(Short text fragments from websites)
-.-.-

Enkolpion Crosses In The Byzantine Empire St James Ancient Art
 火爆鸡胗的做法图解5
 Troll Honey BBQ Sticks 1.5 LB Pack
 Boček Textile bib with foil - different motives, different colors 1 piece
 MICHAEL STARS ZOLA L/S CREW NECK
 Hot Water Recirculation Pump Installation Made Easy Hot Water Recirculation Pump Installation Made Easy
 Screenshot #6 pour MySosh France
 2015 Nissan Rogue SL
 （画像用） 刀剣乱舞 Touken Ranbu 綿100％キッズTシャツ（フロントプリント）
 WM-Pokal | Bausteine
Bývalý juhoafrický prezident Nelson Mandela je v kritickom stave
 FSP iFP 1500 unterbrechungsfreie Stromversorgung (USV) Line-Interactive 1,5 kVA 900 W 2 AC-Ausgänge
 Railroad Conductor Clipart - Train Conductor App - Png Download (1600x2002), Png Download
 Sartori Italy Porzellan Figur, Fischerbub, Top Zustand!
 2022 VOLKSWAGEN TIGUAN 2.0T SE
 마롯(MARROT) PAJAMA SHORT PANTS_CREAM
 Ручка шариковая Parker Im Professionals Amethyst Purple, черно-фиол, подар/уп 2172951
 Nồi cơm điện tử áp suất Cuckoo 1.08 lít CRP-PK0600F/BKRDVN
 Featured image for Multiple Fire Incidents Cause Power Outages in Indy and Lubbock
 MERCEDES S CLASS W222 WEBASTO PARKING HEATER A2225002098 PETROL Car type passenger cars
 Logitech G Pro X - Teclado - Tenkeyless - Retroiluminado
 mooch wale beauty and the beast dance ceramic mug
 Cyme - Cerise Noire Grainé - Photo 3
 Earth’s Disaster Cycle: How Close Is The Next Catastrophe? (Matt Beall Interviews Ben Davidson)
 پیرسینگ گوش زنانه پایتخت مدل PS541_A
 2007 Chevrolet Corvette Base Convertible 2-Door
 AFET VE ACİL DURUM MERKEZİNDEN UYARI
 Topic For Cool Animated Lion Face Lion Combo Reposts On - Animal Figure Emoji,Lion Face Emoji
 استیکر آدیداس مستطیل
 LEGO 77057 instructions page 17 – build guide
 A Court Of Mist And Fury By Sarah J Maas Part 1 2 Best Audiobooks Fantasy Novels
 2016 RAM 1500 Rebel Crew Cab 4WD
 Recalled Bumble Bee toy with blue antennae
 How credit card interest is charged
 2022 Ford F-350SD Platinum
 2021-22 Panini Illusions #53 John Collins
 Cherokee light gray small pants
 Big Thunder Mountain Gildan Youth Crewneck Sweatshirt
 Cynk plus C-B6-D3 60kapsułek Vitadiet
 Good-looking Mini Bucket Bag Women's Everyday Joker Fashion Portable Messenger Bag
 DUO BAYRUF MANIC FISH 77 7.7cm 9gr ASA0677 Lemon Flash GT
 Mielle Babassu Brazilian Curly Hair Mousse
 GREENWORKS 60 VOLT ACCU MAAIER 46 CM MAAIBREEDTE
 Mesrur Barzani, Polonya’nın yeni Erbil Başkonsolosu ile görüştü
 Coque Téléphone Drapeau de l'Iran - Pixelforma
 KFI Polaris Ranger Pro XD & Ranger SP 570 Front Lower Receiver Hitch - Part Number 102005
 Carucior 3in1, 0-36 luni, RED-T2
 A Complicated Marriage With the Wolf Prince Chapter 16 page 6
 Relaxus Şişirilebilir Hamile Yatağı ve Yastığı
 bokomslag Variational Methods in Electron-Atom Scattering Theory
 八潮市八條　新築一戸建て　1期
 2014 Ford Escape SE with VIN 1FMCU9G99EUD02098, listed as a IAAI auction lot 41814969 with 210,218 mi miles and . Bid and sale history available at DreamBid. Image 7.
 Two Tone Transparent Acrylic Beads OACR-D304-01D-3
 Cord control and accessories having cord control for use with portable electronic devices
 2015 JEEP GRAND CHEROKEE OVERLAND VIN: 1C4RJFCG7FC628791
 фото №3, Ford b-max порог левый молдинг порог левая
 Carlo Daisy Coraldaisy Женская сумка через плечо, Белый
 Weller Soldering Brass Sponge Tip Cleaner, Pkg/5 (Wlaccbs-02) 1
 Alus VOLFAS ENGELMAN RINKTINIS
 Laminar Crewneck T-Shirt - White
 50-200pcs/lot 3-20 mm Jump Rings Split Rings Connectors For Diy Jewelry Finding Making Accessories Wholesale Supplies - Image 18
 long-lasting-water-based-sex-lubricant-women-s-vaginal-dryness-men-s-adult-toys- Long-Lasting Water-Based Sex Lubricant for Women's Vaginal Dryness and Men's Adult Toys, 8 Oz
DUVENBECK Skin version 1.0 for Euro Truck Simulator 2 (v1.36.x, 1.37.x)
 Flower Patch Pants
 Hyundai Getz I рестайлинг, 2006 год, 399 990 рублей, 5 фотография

-.-.-

_Task_
Given the records above, return exactly the lines starting at the line containing "Earth’s Disaster Cycle: How" and ending at the line containing "八潮市八條　新築一戸建て　1期", including both.

_Output below_
 Earth’s Disaster Cycle: How Close Is The Next Catastrophe? (Matt Beall Interviews Ben Davidson)
 پیرسینگ گوش زنانه پایتخت مدل PS541_A
 2007 Chevrolet Corvette Base Convertible 2-Door
 AFET VE ACİL DURUM MERKEZİNDEN UYARI
 Topic For Cool Animated Lion Face Lion Combo Reposts On - Animal Figure Emoji,Lion Face Emoji
 استیکر آدیداس مستطیل
 LEGO 77057 instructions page 17 – build guide
 A Court Of Mist And Fury By Sarah J Maas Part 1 2 Best Audiobooks Fantasy Novels
 2016 RAM 1500 Rebel Crew Cab 4WD
 Recalled Bumble Bee toy with blue antennae
 How credit card interest is charged
 2022 Ford F-350SD Platinum
 2021-22 Panini Illusions #53 John Collins
 Cherokee light gray small pants
 Big Thunder Mountain Gildan Youth Crewneck Sweatshirt
 Cynk plus C-B6-D3 60kapsułek Vitadiet
 Good-looking Mini Bucket Bag Women's Everyday Joker Fashion Portable Messenger Bag
 DUO BAYRUF MANIC FISH 77 7.7cm 9gr ASA0677 Lemon Flash GT
 Mielle Babassu Brazilian Curly Hair Mousse
 GREENWORKS 60 VOLT ACCU MAAIER 46 CM MAAIBREEDTE
 Mesrur Barzani, Polonya’nın yeni Erbil Başkonsolosu ile görüştü
 Coque Téléphone Drapeau de l'Iran - Pixelforma
 KFI Polaris Ranger Pro XD & Ranger SP 570 Front Lower Receiver Hitch - Part Number 102005
 Carucior 3in1, 0-36 luni, RED-T2
 A Complicated Marriage With the Wolf Prince Chapter 16 page 6
 Relaxus Şişirilebilir Hamile Yatağı ve Yastığı
 bokomslag Variational Methods in Electron-Atom Scattering Theory
 八潮市八條　新築一戸建て　1期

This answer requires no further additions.